→ **Aim of the exercise**
Beneath this line sits some data. Return only its lines from the one holding "ペットボトルに入った水を持つシニアの男性 ペットボトルに" through the one holding "Image of Pfc.", inclusive, exactly, with the images removed.

##### Data to use #####

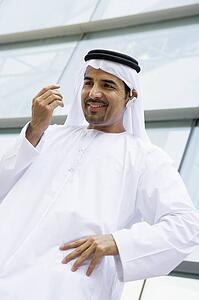 Businessman outdoors by building wearing headset and smiling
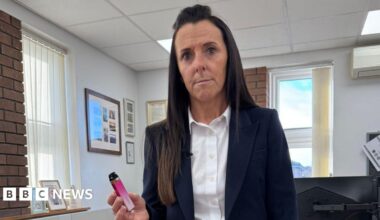 Head teacher wearing navy suit holds up a pink vape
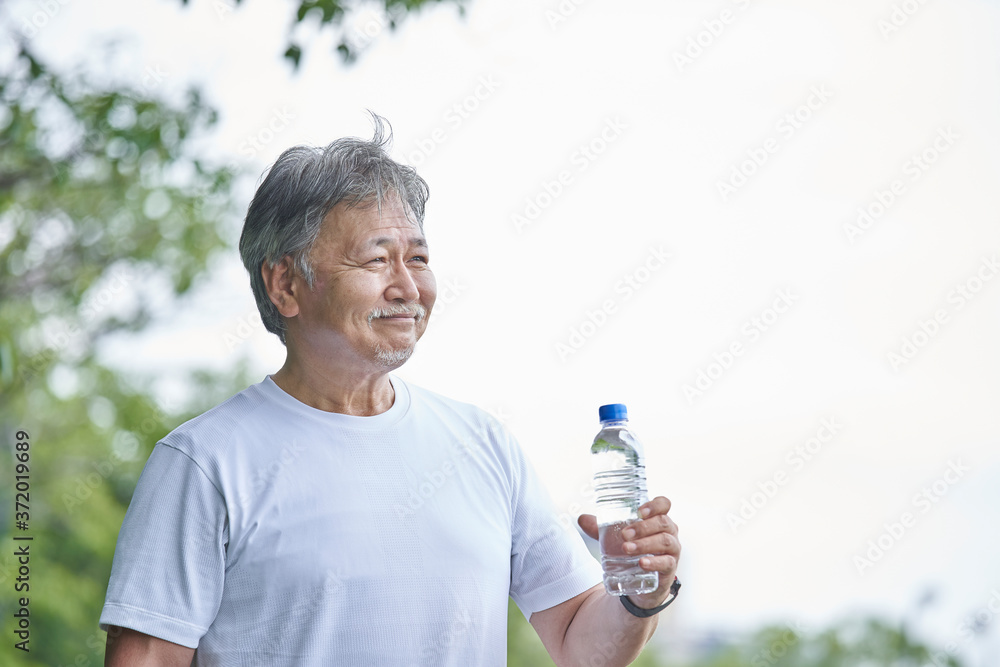 ペットボトルに入った水を持つシニアの男性 ペットボトルに入った水を持つシニアの男性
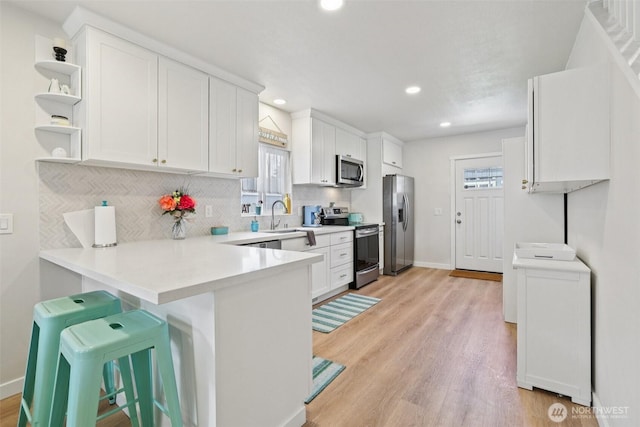 3628 S Sheridan Ave, Tacoma, WA 98418 - kitchen featuring appliances with stainless steel finishes, decorative backsplash, a peninsula, white cabinetry, and recessed lighting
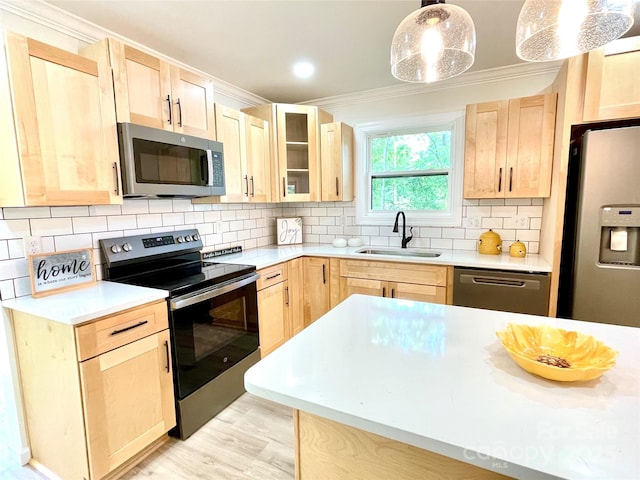 kitchen with appliances with stainless steel finishes, a sink, light brown cabinets, ornamental molding, and light countertops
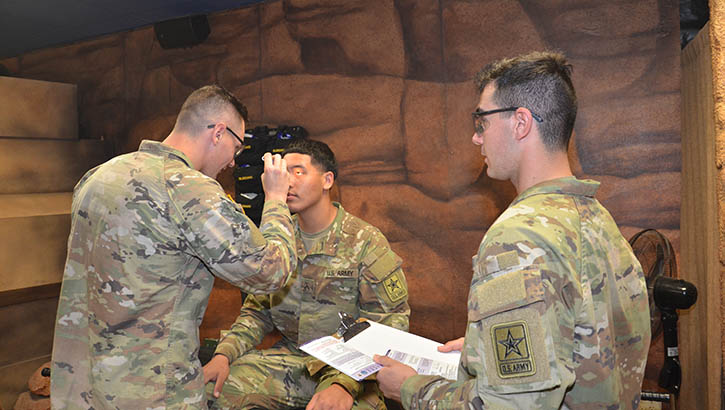 Image of Pfc. Thomas Icenogle, a student in the Army’s Combat Medic Specialist Training Program at the Medical Education and Training Campus on Joint Base San Antonio-Fort Sam Houston, Texas, conducts a Military Acute Concussion Evaluation 2 (MACE 2) on Pvt. Alejandro Leija, while Pvt. Dominic Dubois refers to the MACE 2 card. (Photo: Lisa Braun, Medical Education and Training Campus Public Affairs). Click to open a larger version of the image.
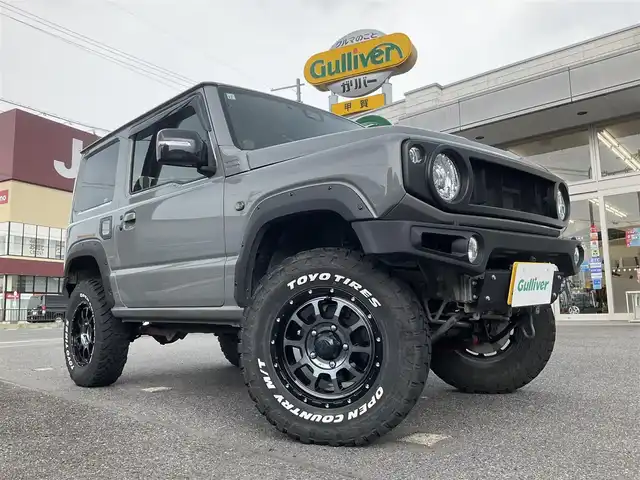 スズキ ジムニー XC 滋賀県 2021(令3)年 4.3万km ミディアムグレー 純正9インチナビゲーション/・Bluetooth・フルセグTV/FRPボンネット/FRバンパー（ショウワガレージ）/スキッドプレート（ショウワガレージ）/マフラー（ショウワガレージ）/テールランプ（ショウワガレージ）/フロントグリル（ショウワガレージ）/エアクリーナー（GReddy)/ブローオフバルブ（GReddy)/インタークーラ（GReddy)/シャックアブソーバー14段階調節式（タニグチ）/サスペンションスプリング/ラテラルロッド/オイルキャッチタンク/HKSブーストコントローラー（powerEditor)/社外フロントカメラ/ブーストメーター（Pivot）/ステアリング（ナルディー）/アルパインデジタルインナーミラー/・前後ドライブレコーダー付き/社外16AW（Toyoオープンカントリー）/ビルトインETC/保証書・取説・スペアキー/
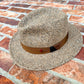 Three-quarter product view of the Masterpiece da Vinci Fedora by FunkyBrims, showing its shaped crown and ribbon band.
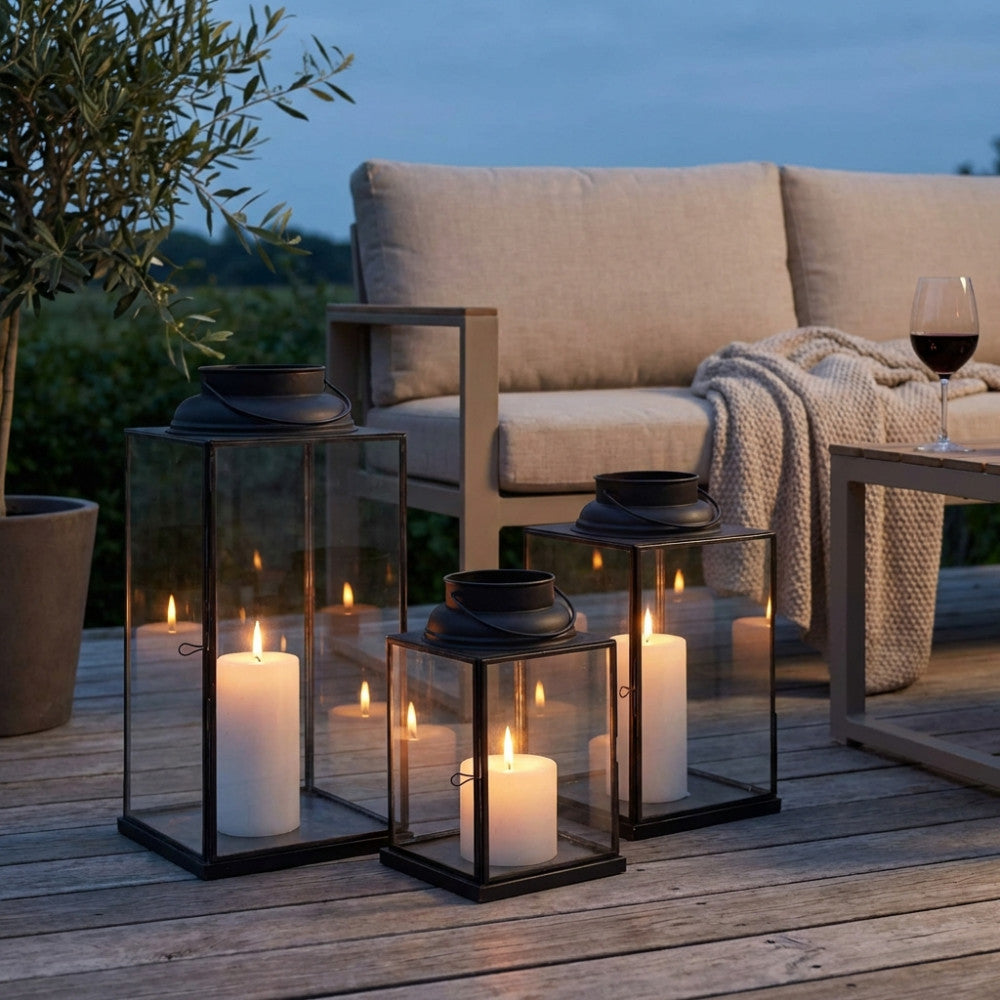 Composizione di lanterne moderne illuminate da candele bianche su una pavimentazione in legno durante le ore serali.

#####

→ **Problem solution**
 ペットボトルに入った水を持つシニアの男性 ペットボトルに入った水を持つシニアの男性
 3628 S Sheridan Ave, Tacoma, WA 98418 - kitchen featuring appliances with stainless steel finishes, decorative backsplash, a peninsula, white cabinetry, and recessed lighting
 kitchen with appliances with stainless steel finishes, a sink, light brown cabinets, ornamental molding, and light countertops
 Image of Pfc. Thomas Icenogle, a student in the Army’s Combat Medic Specialist Training Program at the Medical Education and Training Campus on Joint Base San Antonio-Fort Sam Houston, Texas, conducts a Military Acute Concussion Evaluation 2 (MACE 2) on Pvt. Alejandro Leija, while Pvt. Dominic Dubois refers to the MACE 2 card. (Photo: Lisa Braun, Medical Education and Training Campus Public Affairs). Click to open a larger version of the image.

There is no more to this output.